2 Relations Albanie – Grèce : http://balkans.courriers.info/article23420.html

3 La polémique Ergys Kaces : http://inserbia.info/news/2013/09/ergys-kaces-t-shirt-scandal-and-why-it-matters/

4 L’atmosphère lors de cette finale : http://www.youtube.com/watch?v=JGQI2La-oqQ

5 L’incident avec les drapeaux à Kicevo : http://www.youtube.com/watch?v=Dp1poy7OWFA

6 Le match contre le Partizan : http://www.youtube.com/watch?v=n7_MIHtR2gY

 

 

9 thoughts on “En Macédoine et autour, les problématiques nationalistes rejaillissent dans la sphère sportive

  1. c’est encore très très intéressant, c’est dommage qu’avec tes articles qui sont bons, on peut même pas gueuler et réclamer des femmes dénudées.

  2. il faut transferer cet article sur les cahiers du foot c’est trop intellectuel et ils sont où les gifs animé pour qu’on puisse rigoler hein !!!

    PS bel article de géopoliticosportif

  3. Merci.

    Petite correction: le club de Renova, proche de Tetovo, a un président albanais mais peu de supporters de cette communauté.

  4. BOUUUUUUUUUUUHBOUUUUUUUUUUUUUH

    Erreur impardonnable ! SCANDALE REMBOURSEZ
    A poil Tristan !

  5. Super article (comme souvent).

    Mais il me semble (ou l’art d’en remettre une couche sur une question déjà compliquée) que des joueurs albanais jouent pour la sélection macédonienne… . J’aimerais bien connaitre le point de vue des supporters macédoniens.

  6. Excellent article, mais je n’arrive pas à comprendre qui se cache derrière ce mystérieux Tristan Trasca qui publie presque un article tous les jours maintenant!

    Petite remarque dont tu n’as peut être pas la réponse et qui dépasse largement le sportif. Es tu sur que la Macédoine réclame l’exclusivité du nom? J’ai l’impression qu’ils désirent le droit d’utiliser le nom et d’en revendiquer l’héritage sans pour autant en priver les Grecs. Leur nom officiel d’ex république etc témoigne d’ailleurs d’une bonne volonté à mon sens.

    On ne peut pas en dire autant des Grecs d’ailleurs qui ont bloqué les négociations avec l’union européenne et d’autres petits actes symboliques.

  7. Je ne vais pas te féliciter Tristan, mais plutôt te remercier. Encore. Excellent article !

  8. @MC Fetz: il y a effectivement entre autres Agim Ibraimi et Ferhan Hasani qui sont de communauté albanaise et joue pour la Macédoine.

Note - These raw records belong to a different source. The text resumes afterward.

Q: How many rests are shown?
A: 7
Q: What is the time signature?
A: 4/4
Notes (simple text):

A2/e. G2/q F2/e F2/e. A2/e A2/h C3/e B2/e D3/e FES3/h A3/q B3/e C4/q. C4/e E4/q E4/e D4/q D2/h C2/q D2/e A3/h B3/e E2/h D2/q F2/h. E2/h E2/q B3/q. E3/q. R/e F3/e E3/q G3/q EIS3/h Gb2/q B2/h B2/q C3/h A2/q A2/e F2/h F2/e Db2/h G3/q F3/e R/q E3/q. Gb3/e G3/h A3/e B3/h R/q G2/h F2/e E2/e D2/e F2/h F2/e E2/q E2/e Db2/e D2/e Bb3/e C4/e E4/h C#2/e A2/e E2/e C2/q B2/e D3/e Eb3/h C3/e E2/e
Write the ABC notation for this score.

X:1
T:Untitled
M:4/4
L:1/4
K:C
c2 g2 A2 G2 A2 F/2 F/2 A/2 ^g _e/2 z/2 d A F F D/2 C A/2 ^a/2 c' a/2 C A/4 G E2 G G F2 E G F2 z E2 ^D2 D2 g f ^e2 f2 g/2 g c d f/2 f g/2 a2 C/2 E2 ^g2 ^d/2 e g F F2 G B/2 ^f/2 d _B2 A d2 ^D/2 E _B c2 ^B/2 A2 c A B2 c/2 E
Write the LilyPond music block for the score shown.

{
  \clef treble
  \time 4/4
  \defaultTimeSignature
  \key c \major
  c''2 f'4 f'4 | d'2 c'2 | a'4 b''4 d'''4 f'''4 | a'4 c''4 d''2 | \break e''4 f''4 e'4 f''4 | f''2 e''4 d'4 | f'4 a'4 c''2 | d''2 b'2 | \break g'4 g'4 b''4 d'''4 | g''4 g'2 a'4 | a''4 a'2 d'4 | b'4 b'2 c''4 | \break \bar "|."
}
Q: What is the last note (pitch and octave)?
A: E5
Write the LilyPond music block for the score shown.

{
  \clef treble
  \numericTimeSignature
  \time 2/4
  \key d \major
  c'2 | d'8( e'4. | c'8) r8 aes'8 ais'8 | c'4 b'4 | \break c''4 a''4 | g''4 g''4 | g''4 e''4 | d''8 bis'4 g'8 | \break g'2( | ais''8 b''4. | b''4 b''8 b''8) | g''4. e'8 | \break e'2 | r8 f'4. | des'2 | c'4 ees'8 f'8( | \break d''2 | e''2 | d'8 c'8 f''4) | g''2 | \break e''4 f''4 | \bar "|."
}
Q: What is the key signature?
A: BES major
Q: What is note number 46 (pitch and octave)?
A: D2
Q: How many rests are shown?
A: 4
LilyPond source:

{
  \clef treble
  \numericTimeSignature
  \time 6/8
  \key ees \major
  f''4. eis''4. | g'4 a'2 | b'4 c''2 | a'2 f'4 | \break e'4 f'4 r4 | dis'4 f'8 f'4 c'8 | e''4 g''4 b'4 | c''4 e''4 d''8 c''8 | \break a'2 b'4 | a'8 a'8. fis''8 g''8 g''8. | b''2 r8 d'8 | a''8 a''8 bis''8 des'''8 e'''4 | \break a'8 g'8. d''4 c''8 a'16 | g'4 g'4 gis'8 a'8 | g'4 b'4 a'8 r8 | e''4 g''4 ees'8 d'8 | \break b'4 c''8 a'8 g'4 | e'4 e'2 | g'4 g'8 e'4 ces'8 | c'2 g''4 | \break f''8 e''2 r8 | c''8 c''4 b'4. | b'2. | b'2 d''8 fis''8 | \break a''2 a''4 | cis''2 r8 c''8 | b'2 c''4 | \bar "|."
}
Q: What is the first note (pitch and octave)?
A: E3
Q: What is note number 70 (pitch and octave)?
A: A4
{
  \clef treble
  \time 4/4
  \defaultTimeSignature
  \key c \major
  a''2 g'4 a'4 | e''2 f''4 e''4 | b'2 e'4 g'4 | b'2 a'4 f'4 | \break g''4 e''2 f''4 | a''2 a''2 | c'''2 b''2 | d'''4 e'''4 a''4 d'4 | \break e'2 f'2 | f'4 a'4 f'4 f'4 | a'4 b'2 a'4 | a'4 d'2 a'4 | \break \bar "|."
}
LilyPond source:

Les qq supporters macédoniens avec qui j’ai parlé m’ont dit qu’il n’y avait jamais aucun problème pour eux, les supporters macédoniens ne donnant que peu d’importance à leur origine et la Macédoine ne pouvant se payer le luxe de mettre des joueurs de côté.

    @Willy: Oui, c’est en effet un abus de langage concernant l’exclusivité du point de vue macédonien, tu as raison. Mais aller visiter le musée d’histoire à Skopje est intéressant pour mieux comprendre le concept de grande Macédoine et le périmètre passé de cette grande Macédoine.

    Un autre lien sur les relations actuelles entre Albanie, Macédoine et Grèce: http://balkans.courriers.info/article23399.html

    Et merci à tous, j’en prépare d’autres.

  9. Il y a des académiciens de talent… Et puis y a Tristan…
    Je suis juste fan. Si je retourne au Kosovo, on ira voir un match et boire des Peja, et c’est moi qui paie!